The idea of having to redo all of that did NOT appeal.
Progress not perfection
Even so, I was able to ground enough to remind myself that I was safe and all was well. I’ve been retraining my mind for decades and my nervous system for a ten years but my default on Monday was Olympic level catastrophising.
Still, I was able to smile – with compassion – at myself for some of the ridonkulous scenarios my brain creating. I’ve deleted a few sentences here comparing my worry with People Who REALLY Have Something to Worry About but deleted them because our bodies can’t tell the difference.
Our ancient ancestors needed to see or sense a sabre tooth tiger or woolly mammoth to trigger the same stress response so many of our 2021 thoughts set off.
We all have different challenges, different things that stress us out, different privileges, different disadvantages, different resources. Beating ourselves up while in stress response KEEPS us there.
It gets in the way of our accessing those resources. And it certainly doesn’t help the people who have it way worse. The better regulated our own nervous systems, the more we can be of service in the world (as well as feeling better ourselves).
The importance of daily practices
I’ll never forget my several months’ temping for a call centre when I was 21. I imagine things are far harsher now but even back then, new technology meant using different codes anytime we weren’t taking calls: Bathroom breaks, admin ‘breaks’, and a gazillion other controlling measures that meant that no matter how long I’ve been on hold or saying, ‘I’d like to talk to a human please, human please’, I do my best to remember that the human I eventually get through to isn’t responsible for the long wait or issues.

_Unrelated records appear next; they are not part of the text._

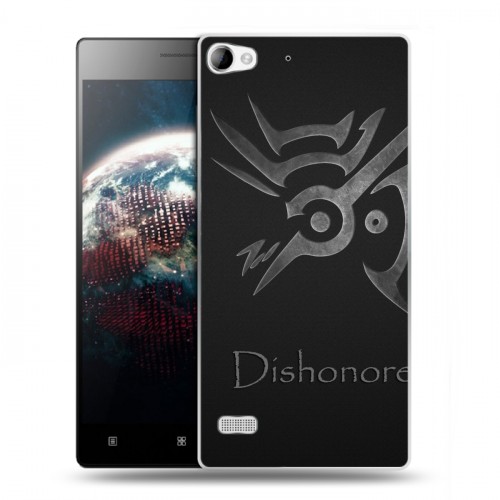 Дизайнерский силиконовый чехол для Lenovo Vibe X2 Dishonored 2
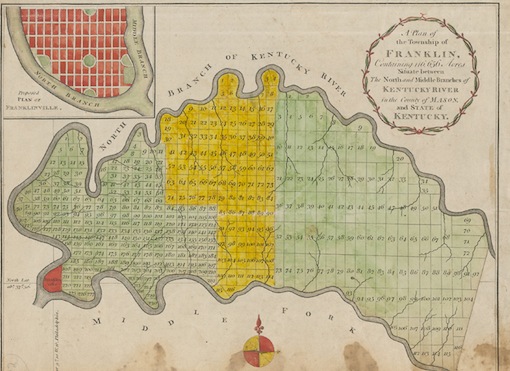 Franklinville, Kentucky Real Estate Map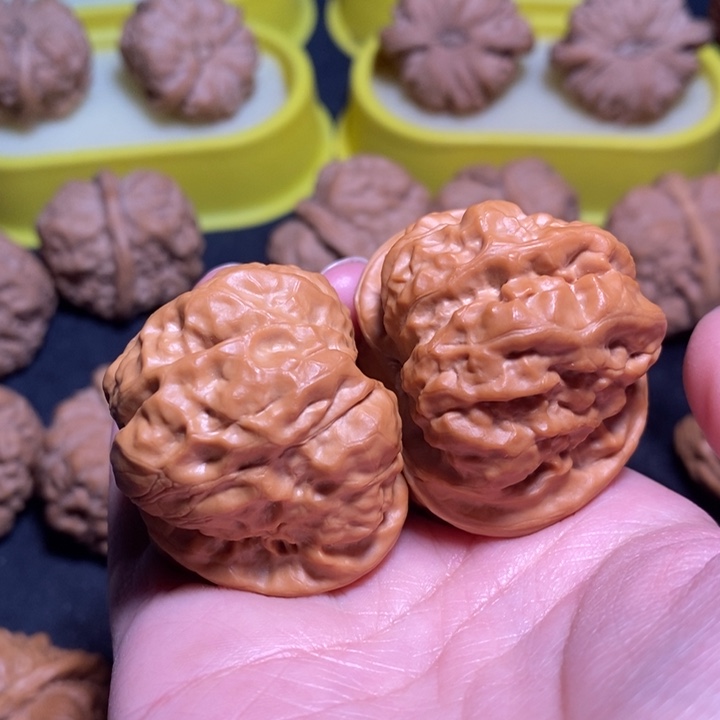 文玩核桃把件蛙41色差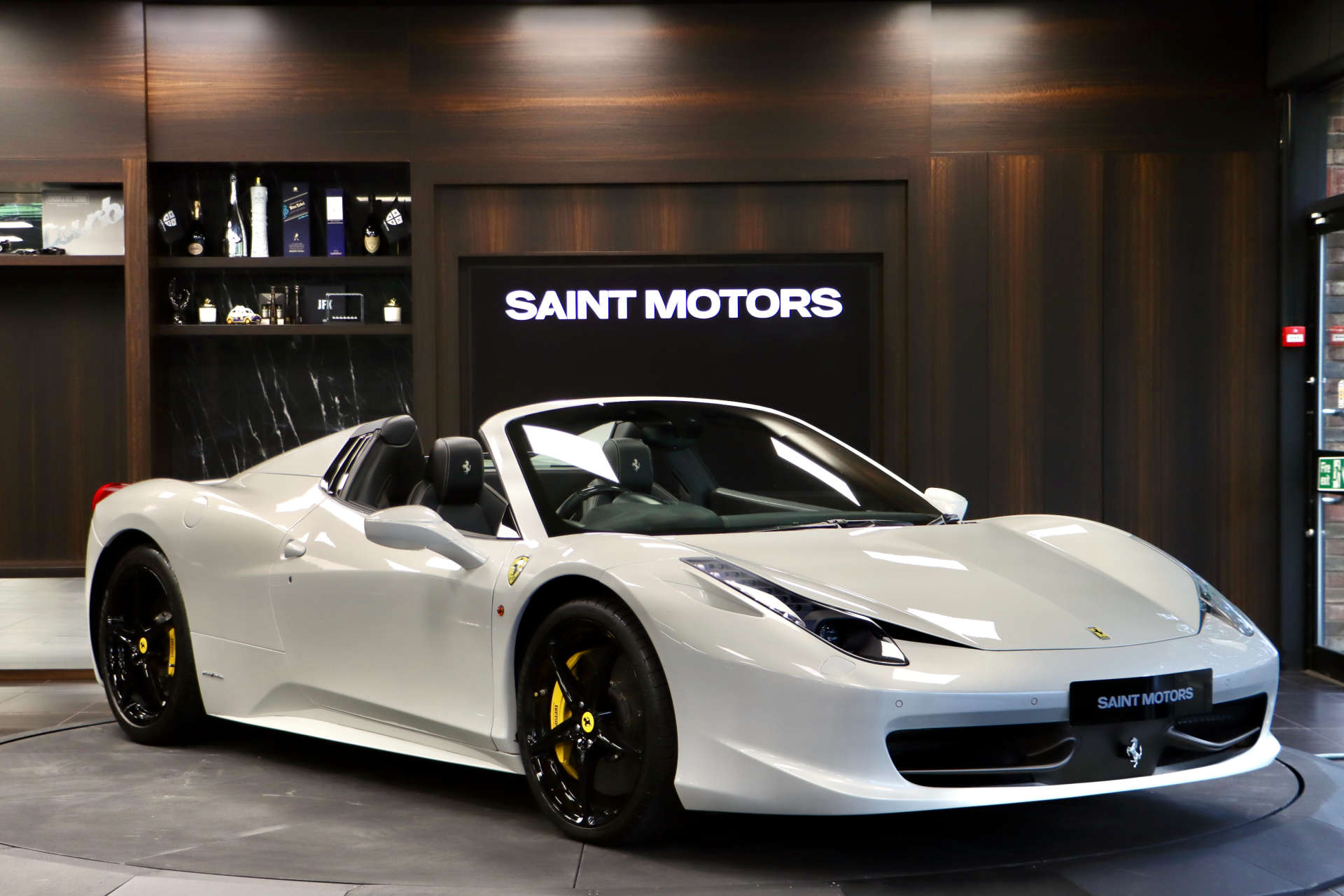 458 Spider
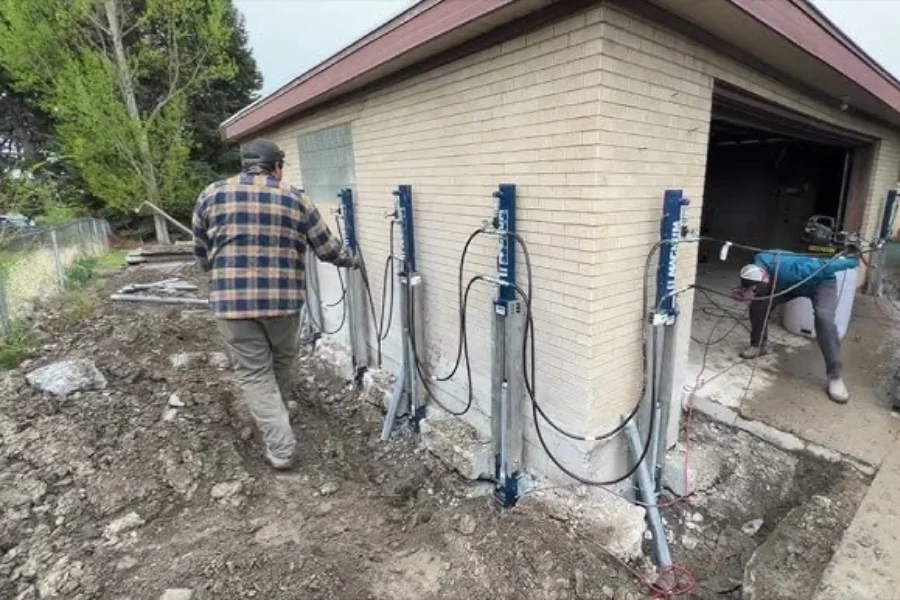 Injection Pier Installation in Newberry, FL (5)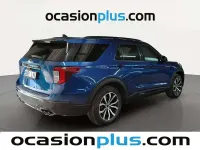 Usado Ford Explorer ST-Line 450 CV (330 kW) 2022 Azul SUV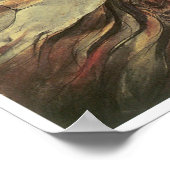 ウィリアム淡い色の・ブレイクの死 ポスター (角)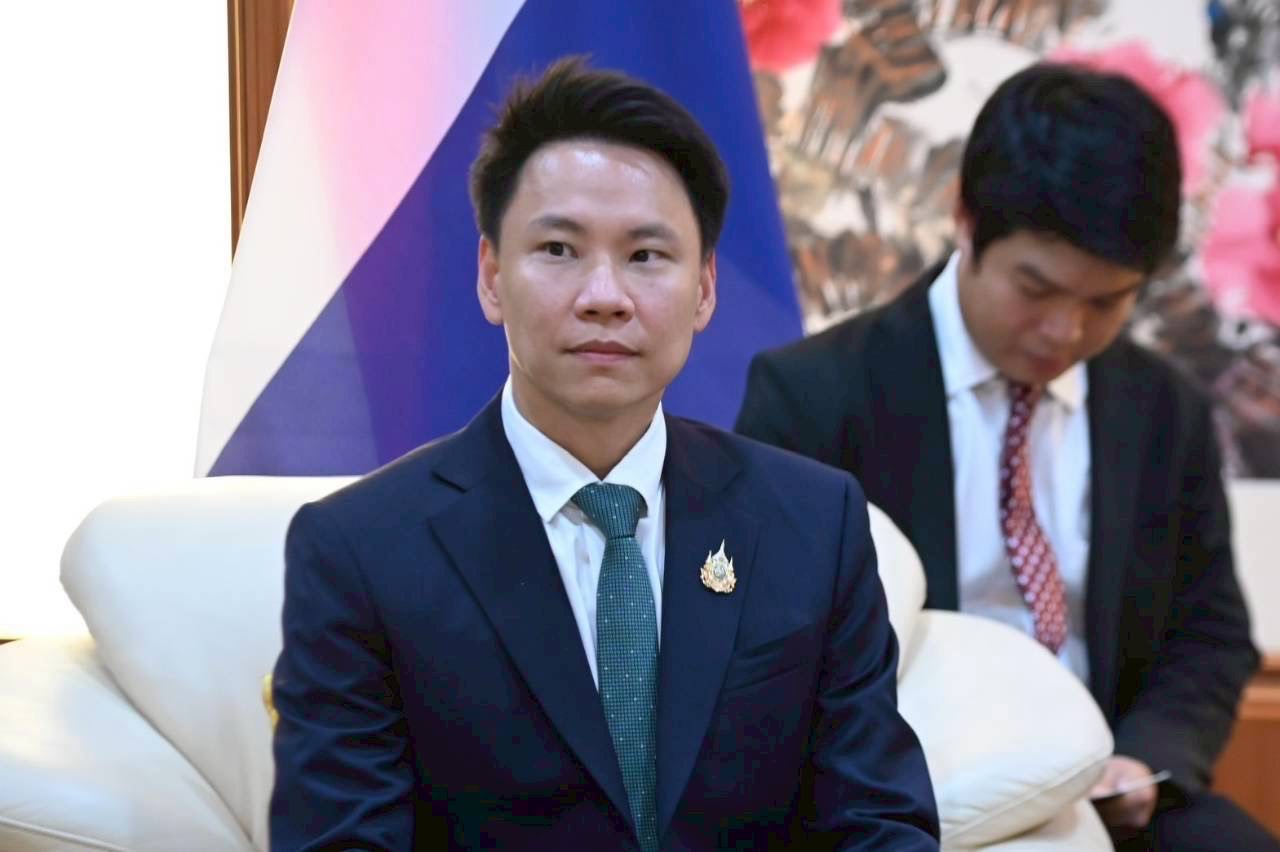 รมว.เกษตรฯ หารือเอกอัครราชทูตจีน ผลักดันความร่วมมือการค้าสินค้าเกษตรไทย-จีน 2 S 21110919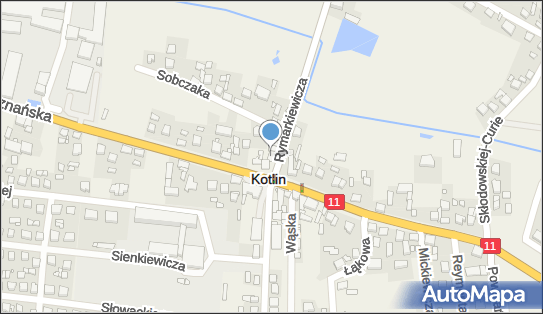 Hanna Siudzińska, ul. ks. Stanisława Rymarkiewicza 1a, Kotlin 63-220 - Przedsiębiorstwo, Firma, NIP: 6171867163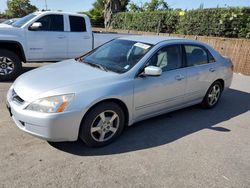 Honda Accord Hybrid Vehiculos salvage en venta: 2005 Honda Accord Hybrid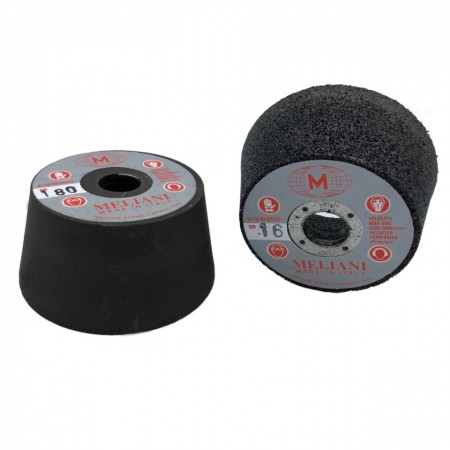 Pietre abrazive tip oala (ceasca) ø 110/90x55x22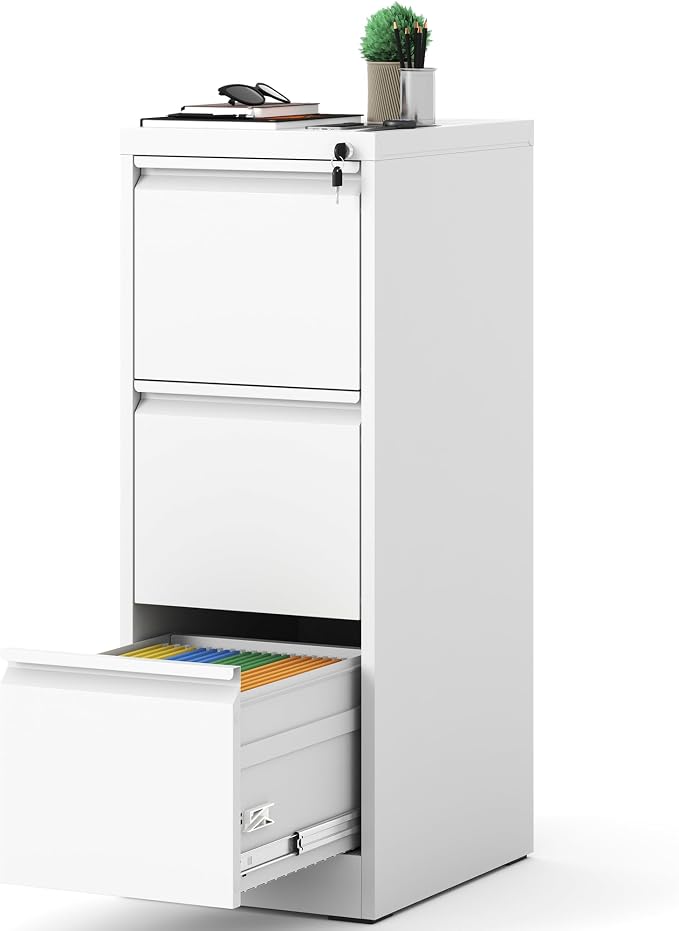 Reegangfa 3 Drawer File Cabinet by Unknown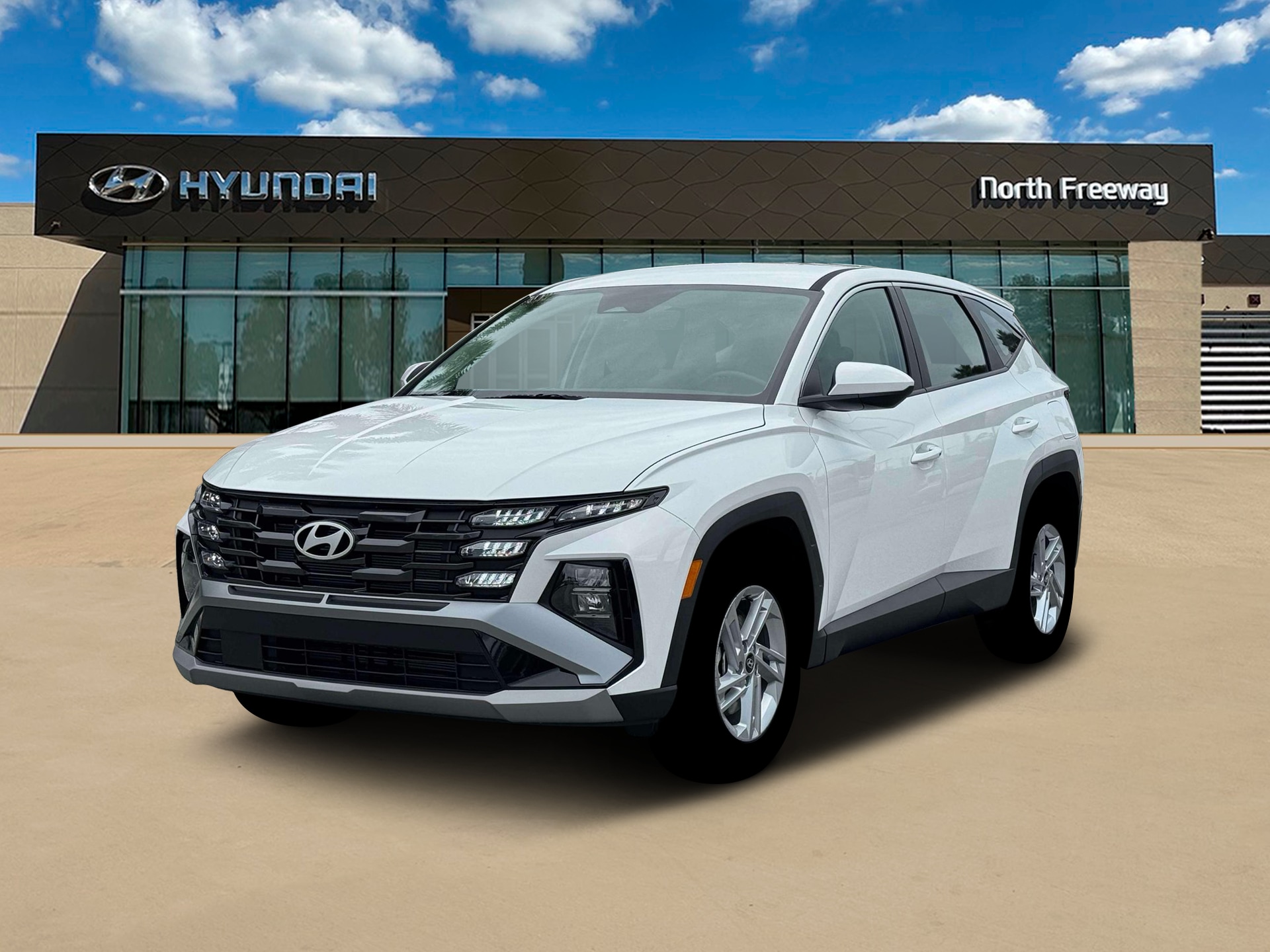 2026 Hyundai Tucson SE's photo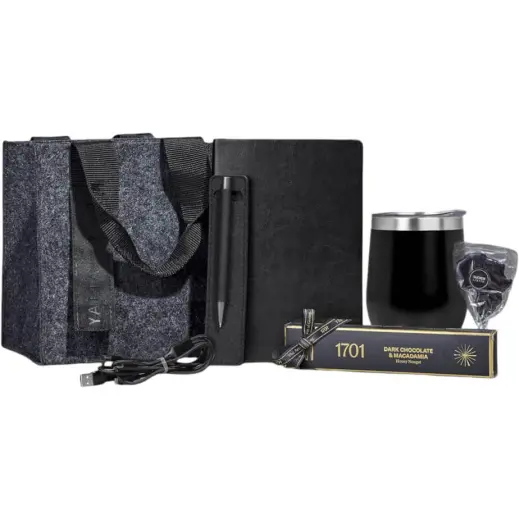Yatta Class & Charm Hamper Black Display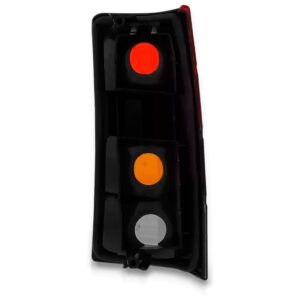 Lanterna Traseira Ipanema 1989 A 93 94 95 96 1997 1998 Âmbar Lado Esquerdo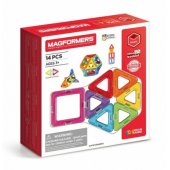 Magformers 14 dalių kaladėlių rinkinys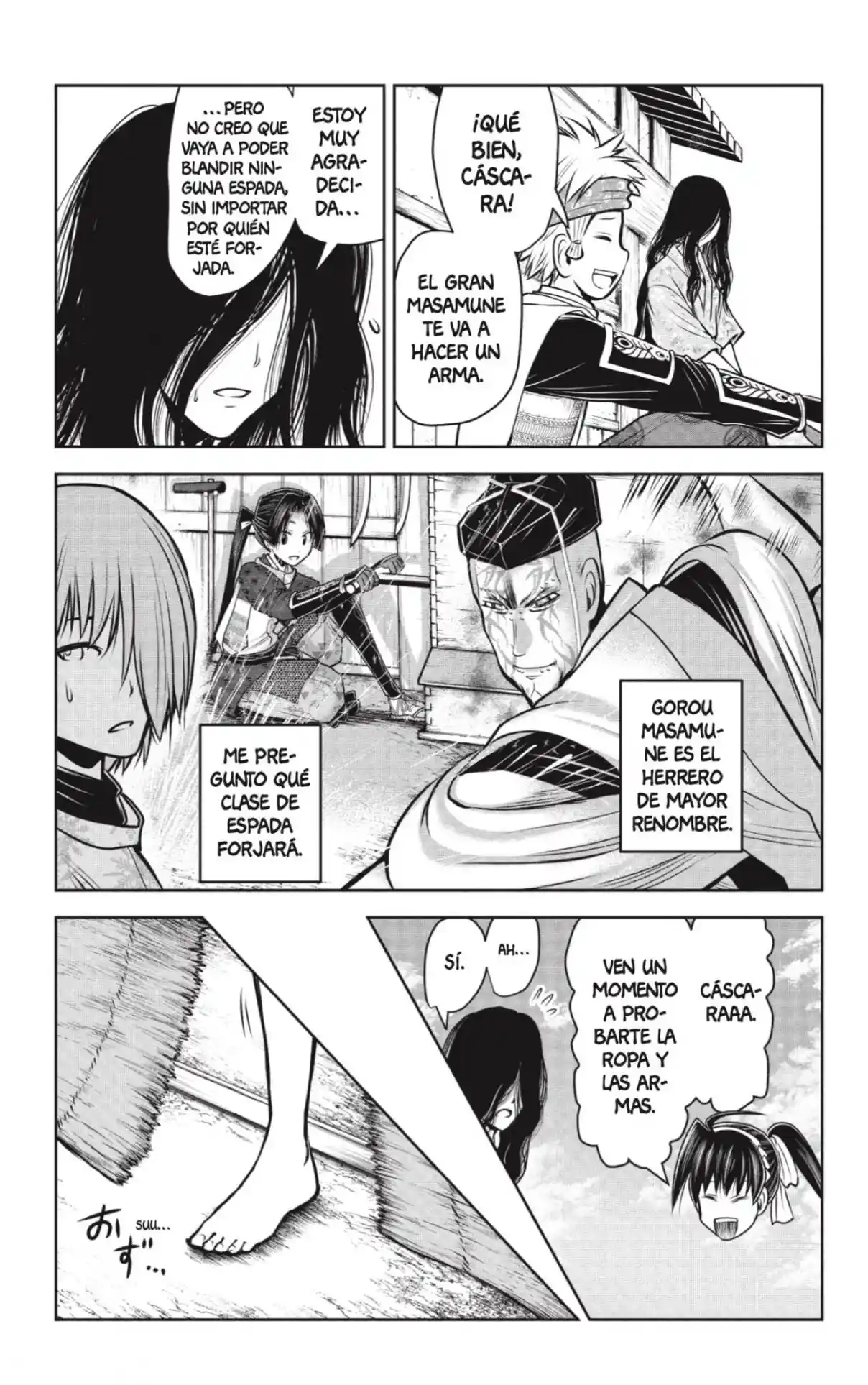 Nige Jōzu No Wakagimi - Capítulo 99 - Página 15 - LectorTMOo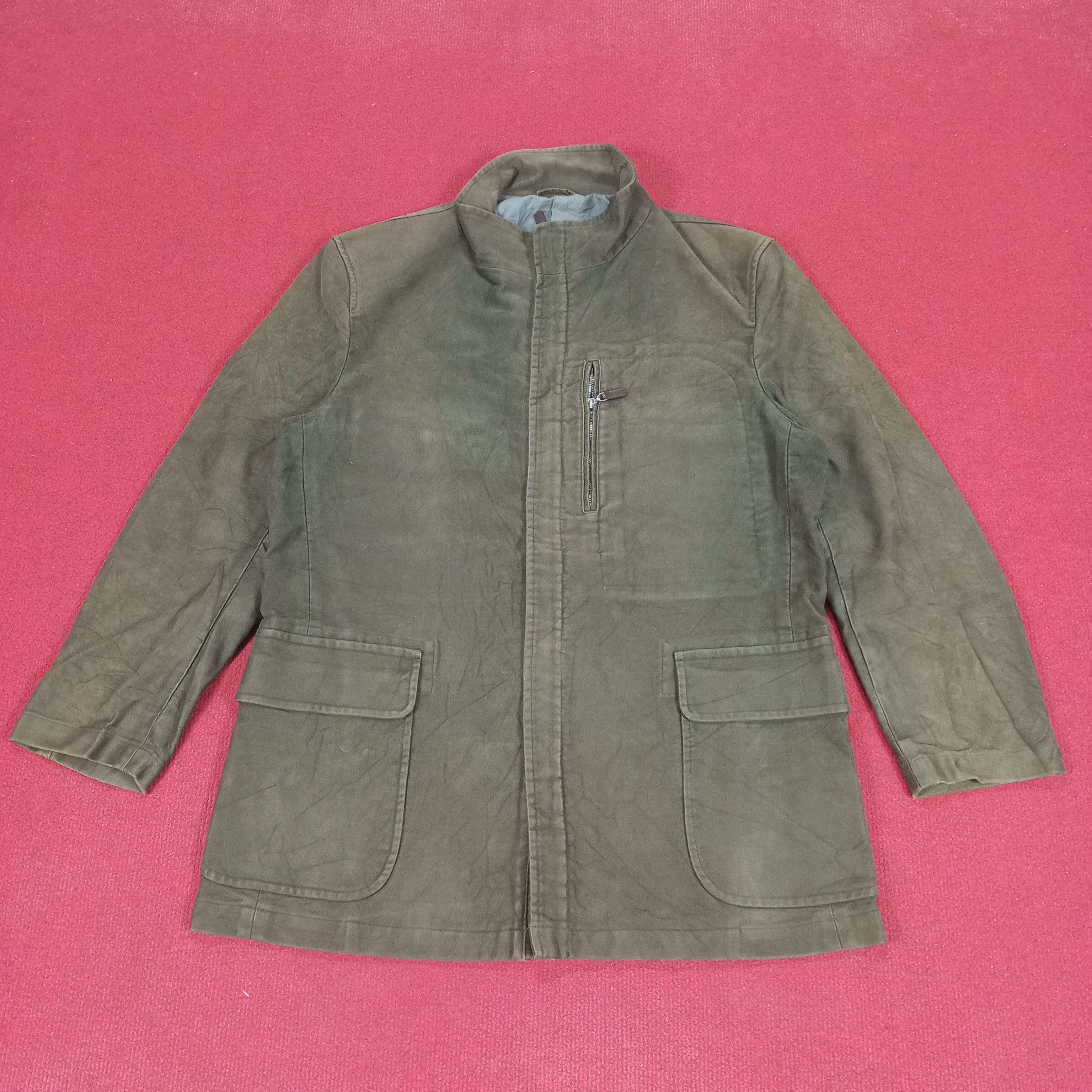 Burberry Burberry London Fashion Brand Custom Art Jacket Size US M / EU 48-50 / 2 - 3 Thumbnail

That being said, if it weren’t for my daily journalling, yoga, meditation and EFT practices as well as other regular but not necessarily daily self care, helps me sound ‘sensible’ as someone kindly said today even when I’m feeling far from serene.
Everything is a practice but the more we do these things when feeling fine, the more likely we are to remember them when needed. I actually forgot about Chair pose and how wonderful it can be with panic and anxiety while doing yesterday’s yoga.
Had I remembered, I could have done THIS while on hold and it would have been that little bit less stressful. But it’s not about remembering everything all the time, simply getting into the mindset of self compassion and checking in with our Selves (that highest, wisest, truest part of our Self) to ask ourselves what we need most in any given moment.
The Feel Better Every Day online membership programme includes weekly live group self care coaching calls to help members stay connected to their commitment to prioritise self care making it more likely that you remember to do more of what helps you feel better in any given situation.
Think of a stressful situation in your life
How did you deal with it? How ARE you dealing with it?
We know that distress – the kind of stress pushes us to our allostatic load and overwhelms our capacity to cope – is terrible for us.
Toddlers get frustrated as they learn to roll over, crawl and toddle. But there’s that inherent drive to do better, to grow, to thrive and they persevere without being yelled at for not getting it right first time.
Somehow, we internalise harsher voices as we grow up and often yell at ourselves when we’re simply doing our best to manage whatever challenge we’re facing. We know from Polyvagal Theory that tone of voice has a HUGE impact on calming ourselves and others down. It’s a practice but so worth persevering with.
I hope that this little emotional rollercoaster description of mine will help you better connect with your own self compassion and resourcefulness whatever you’re facing.